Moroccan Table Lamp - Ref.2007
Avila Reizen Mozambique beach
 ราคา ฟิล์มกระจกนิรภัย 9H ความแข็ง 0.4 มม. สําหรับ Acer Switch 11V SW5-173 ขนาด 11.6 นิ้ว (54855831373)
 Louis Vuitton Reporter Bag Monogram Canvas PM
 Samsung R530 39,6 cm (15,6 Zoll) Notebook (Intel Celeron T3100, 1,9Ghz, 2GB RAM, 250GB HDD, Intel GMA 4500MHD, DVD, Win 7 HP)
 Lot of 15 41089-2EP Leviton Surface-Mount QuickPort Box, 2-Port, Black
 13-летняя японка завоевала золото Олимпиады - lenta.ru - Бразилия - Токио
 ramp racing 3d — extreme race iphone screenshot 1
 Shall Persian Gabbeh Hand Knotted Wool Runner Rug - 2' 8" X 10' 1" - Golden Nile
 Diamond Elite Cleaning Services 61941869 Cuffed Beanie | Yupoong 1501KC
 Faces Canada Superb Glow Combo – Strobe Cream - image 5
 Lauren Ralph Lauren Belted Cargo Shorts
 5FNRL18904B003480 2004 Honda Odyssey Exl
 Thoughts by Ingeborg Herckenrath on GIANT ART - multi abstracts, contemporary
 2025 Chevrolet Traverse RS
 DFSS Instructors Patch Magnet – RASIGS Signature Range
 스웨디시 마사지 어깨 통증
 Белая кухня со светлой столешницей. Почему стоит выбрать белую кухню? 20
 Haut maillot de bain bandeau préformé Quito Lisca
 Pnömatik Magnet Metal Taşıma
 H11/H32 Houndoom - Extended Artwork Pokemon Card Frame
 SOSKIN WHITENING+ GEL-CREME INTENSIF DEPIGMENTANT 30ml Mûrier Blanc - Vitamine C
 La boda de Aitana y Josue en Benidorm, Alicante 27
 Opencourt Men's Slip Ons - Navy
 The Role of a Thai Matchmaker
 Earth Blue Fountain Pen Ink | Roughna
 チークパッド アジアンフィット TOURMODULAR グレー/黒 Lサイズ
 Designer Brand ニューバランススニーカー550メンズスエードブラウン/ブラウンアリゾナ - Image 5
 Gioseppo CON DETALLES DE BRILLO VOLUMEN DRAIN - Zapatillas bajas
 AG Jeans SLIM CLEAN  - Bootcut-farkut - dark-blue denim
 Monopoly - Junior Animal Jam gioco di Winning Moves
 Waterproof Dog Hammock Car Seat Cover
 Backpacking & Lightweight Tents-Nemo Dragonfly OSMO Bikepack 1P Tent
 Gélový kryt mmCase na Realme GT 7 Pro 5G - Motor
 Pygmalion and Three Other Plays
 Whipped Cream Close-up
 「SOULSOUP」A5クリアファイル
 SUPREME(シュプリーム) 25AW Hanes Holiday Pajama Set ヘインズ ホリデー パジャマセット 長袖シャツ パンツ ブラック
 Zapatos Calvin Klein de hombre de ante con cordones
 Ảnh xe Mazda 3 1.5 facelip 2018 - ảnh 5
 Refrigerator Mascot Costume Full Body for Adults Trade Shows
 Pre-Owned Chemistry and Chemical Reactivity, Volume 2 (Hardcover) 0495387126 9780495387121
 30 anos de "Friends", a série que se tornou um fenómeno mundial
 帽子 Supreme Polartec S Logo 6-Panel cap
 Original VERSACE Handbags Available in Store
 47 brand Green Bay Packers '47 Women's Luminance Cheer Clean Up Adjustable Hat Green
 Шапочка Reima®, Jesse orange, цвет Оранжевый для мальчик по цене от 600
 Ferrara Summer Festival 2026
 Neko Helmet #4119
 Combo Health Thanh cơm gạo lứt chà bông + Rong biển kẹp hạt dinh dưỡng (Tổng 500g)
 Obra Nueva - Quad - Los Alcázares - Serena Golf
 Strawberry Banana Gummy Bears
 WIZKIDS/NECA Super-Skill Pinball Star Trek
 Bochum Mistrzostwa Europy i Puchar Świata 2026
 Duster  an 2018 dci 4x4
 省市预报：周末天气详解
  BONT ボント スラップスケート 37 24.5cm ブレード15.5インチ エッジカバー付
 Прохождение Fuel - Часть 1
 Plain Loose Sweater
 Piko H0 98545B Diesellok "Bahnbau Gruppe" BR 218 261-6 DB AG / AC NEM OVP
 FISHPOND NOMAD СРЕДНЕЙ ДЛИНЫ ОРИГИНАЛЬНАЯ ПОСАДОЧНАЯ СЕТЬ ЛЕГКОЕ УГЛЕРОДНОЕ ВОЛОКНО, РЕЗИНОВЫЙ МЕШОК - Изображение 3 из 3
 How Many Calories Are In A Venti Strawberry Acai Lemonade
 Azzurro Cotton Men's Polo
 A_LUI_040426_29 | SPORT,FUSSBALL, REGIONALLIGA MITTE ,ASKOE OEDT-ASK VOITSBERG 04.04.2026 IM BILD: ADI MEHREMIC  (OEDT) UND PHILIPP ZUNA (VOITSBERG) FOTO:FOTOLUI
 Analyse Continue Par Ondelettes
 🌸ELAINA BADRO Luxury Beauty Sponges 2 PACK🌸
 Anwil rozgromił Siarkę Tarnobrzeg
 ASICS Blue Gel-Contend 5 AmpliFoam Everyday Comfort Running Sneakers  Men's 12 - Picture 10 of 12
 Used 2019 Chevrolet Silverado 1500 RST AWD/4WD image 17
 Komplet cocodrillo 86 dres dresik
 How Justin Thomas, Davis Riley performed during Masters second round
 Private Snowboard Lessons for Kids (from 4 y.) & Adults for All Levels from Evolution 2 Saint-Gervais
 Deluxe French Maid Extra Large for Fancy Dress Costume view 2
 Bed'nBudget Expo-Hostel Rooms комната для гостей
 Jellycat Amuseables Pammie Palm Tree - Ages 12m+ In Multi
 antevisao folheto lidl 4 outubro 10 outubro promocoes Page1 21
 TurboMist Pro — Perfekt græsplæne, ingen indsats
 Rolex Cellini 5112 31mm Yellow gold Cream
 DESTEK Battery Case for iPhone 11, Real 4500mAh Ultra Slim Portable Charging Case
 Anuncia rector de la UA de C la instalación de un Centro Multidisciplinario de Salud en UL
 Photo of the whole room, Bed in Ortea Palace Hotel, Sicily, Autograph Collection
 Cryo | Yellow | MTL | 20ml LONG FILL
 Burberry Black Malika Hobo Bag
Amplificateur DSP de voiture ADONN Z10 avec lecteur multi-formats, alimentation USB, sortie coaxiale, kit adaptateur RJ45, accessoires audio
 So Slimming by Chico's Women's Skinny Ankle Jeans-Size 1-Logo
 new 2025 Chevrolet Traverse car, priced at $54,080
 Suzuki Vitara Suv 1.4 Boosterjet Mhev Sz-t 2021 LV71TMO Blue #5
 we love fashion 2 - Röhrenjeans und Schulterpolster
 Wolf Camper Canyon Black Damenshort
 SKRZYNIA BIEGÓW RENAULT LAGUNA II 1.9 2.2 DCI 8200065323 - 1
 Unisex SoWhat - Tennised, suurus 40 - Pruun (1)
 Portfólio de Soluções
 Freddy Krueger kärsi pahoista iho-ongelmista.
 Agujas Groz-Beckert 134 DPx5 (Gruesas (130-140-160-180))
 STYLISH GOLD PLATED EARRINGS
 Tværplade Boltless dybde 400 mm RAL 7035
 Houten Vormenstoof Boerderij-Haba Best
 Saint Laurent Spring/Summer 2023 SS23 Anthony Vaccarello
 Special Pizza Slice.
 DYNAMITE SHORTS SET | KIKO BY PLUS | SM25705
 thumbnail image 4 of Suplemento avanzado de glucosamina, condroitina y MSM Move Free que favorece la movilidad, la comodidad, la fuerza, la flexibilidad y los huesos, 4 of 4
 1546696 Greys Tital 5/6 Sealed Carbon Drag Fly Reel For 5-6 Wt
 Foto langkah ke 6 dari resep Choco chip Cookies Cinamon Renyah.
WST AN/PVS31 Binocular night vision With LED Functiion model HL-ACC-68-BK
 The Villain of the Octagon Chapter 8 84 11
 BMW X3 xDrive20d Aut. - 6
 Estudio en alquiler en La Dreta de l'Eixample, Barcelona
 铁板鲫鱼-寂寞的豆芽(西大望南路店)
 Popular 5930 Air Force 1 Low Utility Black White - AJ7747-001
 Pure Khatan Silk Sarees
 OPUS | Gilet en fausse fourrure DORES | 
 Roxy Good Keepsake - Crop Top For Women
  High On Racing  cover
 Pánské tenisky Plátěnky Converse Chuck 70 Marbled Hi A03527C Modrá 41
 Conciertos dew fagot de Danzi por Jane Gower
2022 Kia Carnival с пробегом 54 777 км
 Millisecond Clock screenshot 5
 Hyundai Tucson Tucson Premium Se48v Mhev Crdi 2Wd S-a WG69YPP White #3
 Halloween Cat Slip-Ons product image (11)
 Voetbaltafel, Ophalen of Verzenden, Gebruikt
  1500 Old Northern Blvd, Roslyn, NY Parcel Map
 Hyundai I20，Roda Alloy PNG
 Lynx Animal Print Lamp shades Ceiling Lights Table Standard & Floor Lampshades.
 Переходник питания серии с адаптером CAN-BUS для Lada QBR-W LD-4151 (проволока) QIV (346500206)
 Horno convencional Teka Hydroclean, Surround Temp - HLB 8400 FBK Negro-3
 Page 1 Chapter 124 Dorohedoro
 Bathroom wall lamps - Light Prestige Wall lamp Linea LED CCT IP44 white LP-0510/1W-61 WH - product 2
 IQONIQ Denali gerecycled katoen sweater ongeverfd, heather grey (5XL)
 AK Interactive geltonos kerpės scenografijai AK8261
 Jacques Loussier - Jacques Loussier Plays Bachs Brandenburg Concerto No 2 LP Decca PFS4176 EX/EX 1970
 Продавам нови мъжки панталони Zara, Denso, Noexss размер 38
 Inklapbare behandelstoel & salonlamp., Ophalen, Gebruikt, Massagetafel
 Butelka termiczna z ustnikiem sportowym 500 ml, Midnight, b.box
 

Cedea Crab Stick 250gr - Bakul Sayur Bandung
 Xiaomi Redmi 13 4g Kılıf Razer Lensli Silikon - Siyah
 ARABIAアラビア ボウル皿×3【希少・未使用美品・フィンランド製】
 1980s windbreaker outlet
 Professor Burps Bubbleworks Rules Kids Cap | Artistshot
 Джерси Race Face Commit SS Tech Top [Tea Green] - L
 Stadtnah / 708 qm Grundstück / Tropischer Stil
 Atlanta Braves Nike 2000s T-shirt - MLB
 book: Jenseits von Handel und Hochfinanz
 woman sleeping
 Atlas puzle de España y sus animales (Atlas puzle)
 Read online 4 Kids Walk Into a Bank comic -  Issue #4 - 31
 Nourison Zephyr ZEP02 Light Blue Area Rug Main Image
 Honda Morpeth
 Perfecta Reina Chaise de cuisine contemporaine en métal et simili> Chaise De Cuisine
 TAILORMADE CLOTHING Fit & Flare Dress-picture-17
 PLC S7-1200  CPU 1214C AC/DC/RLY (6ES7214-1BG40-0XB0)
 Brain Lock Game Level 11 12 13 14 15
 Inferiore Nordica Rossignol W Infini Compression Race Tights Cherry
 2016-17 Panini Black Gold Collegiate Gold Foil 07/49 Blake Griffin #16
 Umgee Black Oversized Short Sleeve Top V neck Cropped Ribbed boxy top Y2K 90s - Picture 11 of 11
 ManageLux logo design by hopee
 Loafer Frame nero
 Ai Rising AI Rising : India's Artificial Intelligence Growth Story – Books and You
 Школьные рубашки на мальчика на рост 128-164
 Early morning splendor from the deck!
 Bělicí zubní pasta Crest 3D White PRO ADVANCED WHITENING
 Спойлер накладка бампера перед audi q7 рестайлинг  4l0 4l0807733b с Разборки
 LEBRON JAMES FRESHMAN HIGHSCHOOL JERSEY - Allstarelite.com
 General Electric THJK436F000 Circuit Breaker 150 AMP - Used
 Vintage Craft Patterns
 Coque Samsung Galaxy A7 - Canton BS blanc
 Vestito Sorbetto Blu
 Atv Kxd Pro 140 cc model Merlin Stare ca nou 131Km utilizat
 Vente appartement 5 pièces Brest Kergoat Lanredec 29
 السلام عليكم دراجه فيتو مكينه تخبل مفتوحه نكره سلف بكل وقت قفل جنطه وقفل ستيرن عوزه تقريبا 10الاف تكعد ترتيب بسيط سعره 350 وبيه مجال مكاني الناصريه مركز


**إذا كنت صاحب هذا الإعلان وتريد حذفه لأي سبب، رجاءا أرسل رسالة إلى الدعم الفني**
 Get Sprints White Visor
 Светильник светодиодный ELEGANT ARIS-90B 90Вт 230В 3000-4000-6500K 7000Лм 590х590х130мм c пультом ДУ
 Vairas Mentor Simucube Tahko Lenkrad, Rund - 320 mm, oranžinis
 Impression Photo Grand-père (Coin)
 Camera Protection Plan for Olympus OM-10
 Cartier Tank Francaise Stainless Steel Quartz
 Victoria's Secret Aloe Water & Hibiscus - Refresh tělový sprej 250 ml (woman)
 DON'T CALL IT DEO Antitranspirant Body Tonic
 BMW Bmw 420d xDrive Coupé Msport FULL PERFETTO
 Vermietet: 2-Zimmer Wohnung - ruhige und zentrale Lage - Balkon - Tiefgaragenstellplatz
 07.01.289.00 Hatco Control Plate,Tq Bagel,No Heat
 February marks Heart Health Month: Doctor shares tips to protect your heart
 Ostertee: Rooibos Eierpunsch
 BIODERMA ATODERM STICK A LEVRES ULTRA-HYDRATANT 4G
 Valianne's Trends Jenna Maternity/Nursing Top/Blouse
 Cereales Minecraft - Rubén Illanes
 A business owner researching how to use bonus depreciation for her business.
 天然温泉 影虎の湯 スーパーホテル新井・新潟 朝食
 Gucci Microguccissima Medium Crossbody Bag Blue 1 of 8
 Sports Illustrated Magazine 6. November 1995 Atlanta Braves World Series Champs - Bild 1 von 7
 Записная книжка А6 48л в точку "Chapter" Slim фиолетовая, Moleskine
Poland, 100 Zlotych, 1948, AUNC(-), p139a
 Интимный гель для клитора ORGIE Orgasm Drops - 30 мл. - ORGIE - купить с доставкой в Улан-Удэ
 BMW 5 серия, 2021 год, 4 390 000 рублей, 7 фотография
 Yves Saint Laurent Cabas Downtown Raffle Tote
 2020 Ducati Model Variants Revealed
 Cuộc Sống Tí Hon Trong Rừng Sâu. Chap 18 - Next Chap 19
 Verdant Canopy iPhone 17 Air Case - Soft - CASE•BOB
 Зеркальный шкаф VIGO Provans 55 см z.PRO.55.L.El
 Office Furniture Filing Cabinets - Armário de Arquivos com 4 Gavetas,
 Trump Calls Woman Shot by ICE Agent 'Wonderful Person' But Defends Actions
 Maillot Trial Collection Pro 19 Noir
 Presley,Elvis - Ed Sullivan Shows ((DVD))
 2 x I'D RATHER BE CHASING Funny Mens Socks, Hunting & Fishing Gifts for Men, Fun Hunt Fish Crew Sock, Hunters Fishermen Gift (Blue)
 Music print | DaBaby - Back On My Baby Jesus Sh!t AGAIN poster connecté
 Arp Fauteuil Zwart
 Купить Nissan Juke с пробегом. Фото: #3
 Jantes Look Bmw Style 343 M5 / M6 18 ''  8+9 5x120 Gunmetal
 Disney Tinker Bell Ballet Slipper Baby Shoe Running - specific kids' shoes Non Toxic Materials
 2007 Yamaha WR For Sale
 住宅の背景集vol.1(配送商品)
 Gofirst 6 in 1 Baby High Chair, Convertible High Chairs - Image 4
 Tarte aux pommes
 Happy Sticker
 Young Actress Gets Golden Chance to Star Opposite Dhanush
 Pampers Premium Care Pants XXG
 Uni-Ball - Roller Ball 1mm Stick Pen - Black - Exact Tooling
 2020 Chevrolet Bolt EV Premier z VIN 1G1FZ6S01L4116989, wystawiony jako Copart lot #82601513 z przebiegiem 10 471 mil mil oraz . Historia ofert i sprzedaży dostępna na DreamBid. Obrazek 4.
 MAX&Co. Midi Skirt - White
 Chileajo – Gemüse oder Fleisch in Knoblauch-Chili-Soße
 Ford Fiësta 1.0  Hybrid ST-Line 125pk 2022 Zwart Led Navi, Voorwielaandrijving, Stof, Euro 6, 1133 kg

### PROBLEM
Output exactly, and only, the lines running from the one that contains "Tarte aux pommes" through the last line of the entries above.

### WORKED SOLUTION
 Tarte aux pommes
 Happy Sticker
 Young Actress Gets Golden Chance to Star Opposite Dhanush
 Pampers Premium Care Pants XXG
 Uni-Ball - Roller Ball 1mm Stick Pen - Black - Exact Tooling
 2020 Chevrolet Bolt EV Premier z VIN 1G1FZ6S01L4116989, wystawiony jako Copart lot #82601513 z przebiegiem 10 471 mil mil oraz . Historia ofert i sprzedaży dostępna na DreamBid. Obrazek 4.
 MAX&Co. Midi Skirt - White
 Chileajo – Gemüse oder Fleisch in Knoblauch-Chili-Soße
 Ford Fiësta 1.0  Hybrid ST-Line 125pk 2022 Zwart Led Navi, Voorwielaandrijving, Stof, Euro 6, 1133 kg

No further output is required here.